Unlike present day computers, which use bits (1s and 0s – basically on and off) for representing states, quantum computers use qubits (these can be both 1 and 0 simultaneously – a state known as superposition) which are considerably more efficient and permit the computer to conduct complex parallel calculations faster than traditional computers, exponentially faster. In theory, a calculation that would take a present-day computer millions of years to find, a quantum computer could do in minutes.

The technology though has a few issues, for one, qubits are extremely fragile, environmental factors can interfere with them, and as a result they need specialised architecture and error correction to compensate, and for the technology to actually threaten cryptography as it currently exists, it will need considerably more qubits than we currently are capable of building into our architectures. The most qubits we can currently create in a stable architecture is about 1000, whilst NIST theorises that in order to properly threaten cryptography potentially millions of qubits would be needed and they would need to operate in a near error free state – something we are nowhere near close to reaching.

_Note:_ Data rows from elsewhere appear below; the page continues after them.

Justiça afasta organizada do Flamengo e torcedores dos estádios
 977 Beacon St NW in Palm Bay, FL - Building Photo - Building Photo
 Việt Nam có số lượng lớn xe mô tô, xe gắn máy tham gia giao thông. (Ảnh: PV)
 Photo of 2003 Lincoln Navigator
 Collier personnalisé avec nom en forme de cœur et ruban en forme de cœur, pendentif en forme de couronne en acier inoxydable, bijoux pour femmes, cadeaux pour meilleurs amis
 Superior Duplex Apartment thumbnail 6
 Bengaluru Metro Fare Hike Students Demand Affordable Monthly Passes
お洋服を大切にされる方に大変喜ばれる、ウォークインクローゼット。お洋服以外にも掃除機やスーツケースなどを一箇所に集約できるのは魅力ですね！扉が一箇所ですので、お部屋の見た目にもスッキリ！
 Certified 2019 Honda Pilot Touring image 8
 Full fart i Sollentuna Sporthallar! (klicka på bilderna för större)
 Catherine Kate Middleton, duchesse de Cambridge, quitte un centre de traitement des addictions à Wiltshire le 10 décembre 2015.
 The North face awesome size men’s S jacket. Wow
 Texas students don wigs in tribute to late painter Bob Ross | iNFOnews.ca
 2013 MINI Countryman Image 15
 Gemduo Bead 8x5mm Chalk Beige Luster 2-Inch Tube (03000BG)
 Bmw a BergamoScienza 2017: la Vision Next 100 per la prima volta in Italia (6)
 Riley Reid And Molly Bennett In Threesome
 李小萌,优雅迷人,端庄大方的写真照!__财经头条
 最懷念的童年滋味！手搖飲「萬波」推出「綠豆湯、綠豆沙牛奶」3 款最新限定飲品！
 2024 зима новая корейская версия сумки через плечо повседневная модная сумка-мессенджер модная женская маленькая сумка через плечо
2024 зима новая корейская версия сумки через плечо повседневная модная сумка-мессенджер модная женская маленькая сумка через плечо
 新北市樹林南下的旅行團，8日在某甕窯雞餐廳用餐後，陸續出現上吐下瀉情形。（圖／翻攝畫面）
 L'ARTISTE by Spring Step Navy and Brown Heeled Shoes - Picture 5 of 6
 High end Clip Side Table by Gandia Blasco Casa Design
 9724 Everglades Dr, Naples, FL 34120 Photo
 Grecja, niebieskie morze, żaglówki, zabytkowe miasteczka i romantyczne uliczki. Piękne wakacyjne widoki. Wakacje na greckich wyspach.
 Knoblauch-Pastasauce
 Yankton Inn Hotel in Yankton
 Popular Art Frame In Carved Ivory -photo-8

This does not mean we should be complacent; we also need to be practical. The cost and technology for a threat actor to build a practical quantum computer is still some significant time away, and when we start to reach that threshold, it will likely lie in the space of militaries and governments seeking to gain strategic advantages over their rivals. In practical cybersecurity terms quantum is viewed as a theoretical threat that may well eventually manifest, but it’s a next decade problem in a present-day world of patching and data hygiene issues. Whilst it is right we should be mindful and challenge vendors to consider how they will address quantum; we also need to avoid doom mongering and hype by staying focussed on the issues that we currently have rather than focus on possible problems in a decade.